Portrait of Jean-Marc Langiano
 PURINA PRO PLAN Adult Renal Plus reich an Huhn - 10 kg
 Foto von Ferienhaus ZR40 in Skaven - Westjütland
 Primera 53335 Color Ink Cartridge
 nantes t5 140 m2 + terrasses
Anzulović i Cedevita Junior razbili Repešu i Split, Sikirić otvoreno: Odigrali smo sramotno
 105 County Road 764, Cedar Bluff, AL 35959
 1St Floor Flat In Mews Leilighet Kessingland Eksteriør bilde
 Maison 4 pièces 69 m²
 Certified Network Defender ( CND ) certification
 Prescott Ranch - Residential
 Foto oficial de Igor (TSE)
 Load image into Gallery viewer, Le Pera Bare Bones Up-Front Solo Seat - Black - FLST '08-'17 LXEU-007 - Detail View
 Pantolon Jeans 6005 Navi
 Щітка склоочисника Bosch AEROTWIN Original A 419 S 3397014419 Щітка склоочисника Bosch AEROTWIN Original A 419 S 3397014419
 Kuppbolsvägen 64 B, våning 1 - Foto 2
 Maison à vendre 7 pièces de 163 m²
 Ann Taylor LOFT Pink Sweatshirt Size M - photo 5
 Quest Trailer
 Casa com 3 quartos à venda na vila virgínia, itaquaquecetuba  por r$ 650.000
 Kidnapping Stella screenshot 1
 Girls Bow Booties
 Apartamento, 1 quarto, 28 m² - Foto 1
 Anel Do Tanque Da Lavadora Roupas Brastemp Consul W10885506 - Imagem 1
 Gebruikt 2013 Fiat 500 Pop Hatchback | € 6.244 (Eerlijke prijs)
# # # # # # #
_PROBLEM DESCRIPTION_
Write out each line exactly, starting with the line that contains "Girls Bow Booties" and stopping after the last line of the data.

_ANSWER SPACE_
 Girls Bow Booties
 Apartamento, 1 quarto, 28 m² - Foto 1
 Anel Do Tanque Da Lavadora Roupas Brastemp Consul W10885506 - Imagem 1
 Gebruikt 2013 Fiat 500 Pop Hatchback | € 6.244 (Eerlijke prijs)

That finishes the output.